In the present era of plug-and-play some scientists may be misled into believing that displayed or printed results are rigorously correct, provided that the instrument has been calibrated according to the manufacturers’ instructions. An article published at the beginning of the year by Schadewaldt et al.1 re-highlights the errors of such an assumption. They compared two commercially produced indirect calorimeters (ICs), the Vmax Encore 29n (Sensor Medics Corp., Homestead, FL, USA) and the Deltatrac MBM-100 (Datex-Ohmeda, a subsidiary of GE Healthcare Ltd, USA). Although the latter is no longer commercially available, it was, and still is, widely used for metabolic measurements due to its compact size, rapid calibration and ease of use and was invariably considered to be the ‘Gold Standard’ for measuring resting energy expenditure against which other commercially available ICs were compared. In spite of this, Schadewaldt and others have observed shortcomings in the results produced by the Deltatrac MBM1, 2, 3 and the Vmax Encore 29n,1 whether they be used for the measurement of resting energy expenditure and/or the respiratory quotient and substrate utilization. To improve the accuracy of a given IC, and potentially compare results obtained using different IC systems, Schadewaldt et al.1 propose that the IC be validated, after each subject has been measured, by simulating oxygen consumption and carbon dioxide (CO2) production with the infusion of pure nitrogen (N2) and (CO2) into the hose that carries the expired air mixture to the IC. From the mass flow of N2 and CO2 into the IC, it is possible to calculate the ‘true’ VO2 and VCO2. Any differences between the ‘true’ values and those measured by the IC can be corrected by application of a correction factor on each of these parameters.

An alternative post calorimetric test might be to perform an alcohol burning test, which can be used to test any IC system.
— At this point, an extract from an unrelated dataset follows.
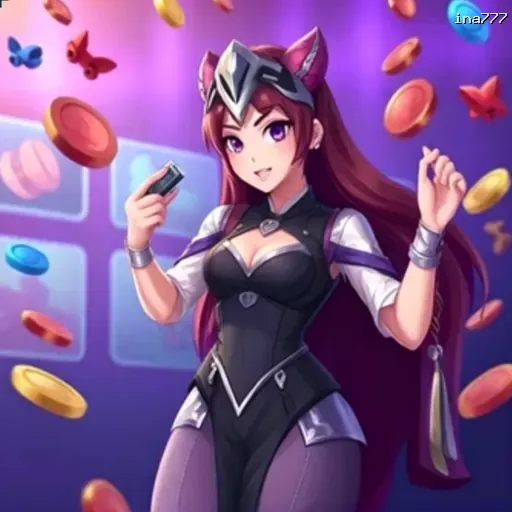 Menjelajahi Fitur Unggulan Situs Game ina777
Datex did suggest burning 5 ml absolute ethanol at regular intervals, using their alcohol burning test kit, to control the fixed flow rate of their Deltatrac MBM, but not after each test. However, as VO2 and VCO2 are recorded during the alcohol burning test, any deviations from the theoretical values (that is, calculated from the stoichiometric combustion of 5 ml absolute alcohol, which consumes 5730 ml oxygen and produces 3820 ml CO2 with and RQ of 0.667) can be corrected and applied to the values measured during the test. The theoretical values for O2 consumed and CO2 produced during the combustion of 5 ml absolute ethanol, indicated above, may change slightly as a function of ethanol density at different room temperatures.

While I concur wholeheartedly with Schadewaldt et al.1 that a post-test evaluation of the IC should be done after each test, one does make the assumption that the post-test evaluation is representative of the IC conditions throughout the test. This may be true of short measurements of 30 min to 1 h, but may be less so during a test of long duration of several hours, which may include a period of fasting and a post-absorptive intervention.
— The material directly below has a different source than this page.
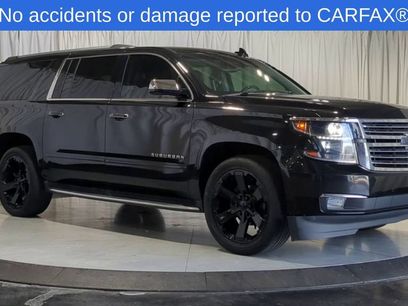 Used 2019 Chevrolet Suburban Premier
Whether the post-test evaluation is by infusion of N2 and CO2 or alcohol burning, the IC is measuring quasi steady-state values of VO2 and VCO2, whereas during a test, even with a ventilated hood and mixing chamber, feO2 and feCO2 fluctuate with the respiratory cycle and more so if a mouthpiece or mask are used. Although manufacturers provide information about the rapidity of the response times of their analyzers, one often has to wait several minutes to obtain stable steady-state zero and calibration values when calibrating the IC. As a consequence if the response times of the O2 and CO2 analyzers are not the same, there may be a tendency for the analyzer with a slower response time to measure high at low concentrations and low at high concentrations, which would not be picked up with a steady-state infusion of gases or an alcohol burning test. To simulate the effect of the respiratory cycle on measurements made by an IC it would be necessary to infuse gases with a motorized syringe. Such a system is commercially produced by Vacumed (Ventura, CA, USA), however, I have no knowledge of its use, from the literature.
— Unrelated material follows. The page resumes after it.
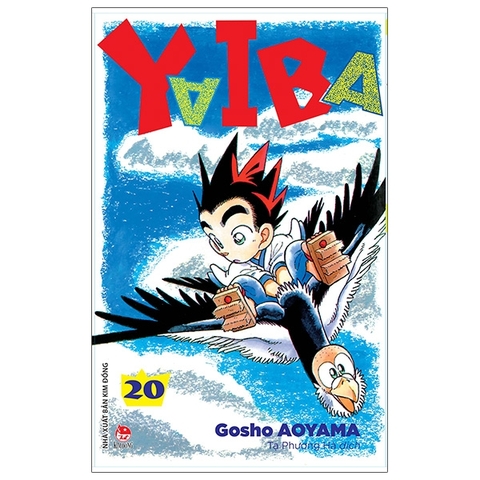 Yaiba - Tập 20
Although a post-test evaluation of ICs/metabolic monitors may have some limitations, it is far better to do it than accepting the instrument’s recorded values as gospel. To improve the quality of respiratory exchange data, and importantly the calculation of substrate utilization from the respiratory quotient, such a test should be included in the Standard Operating Procedure of the system and the necessary equipment to do the test should be provided by the manufacturer.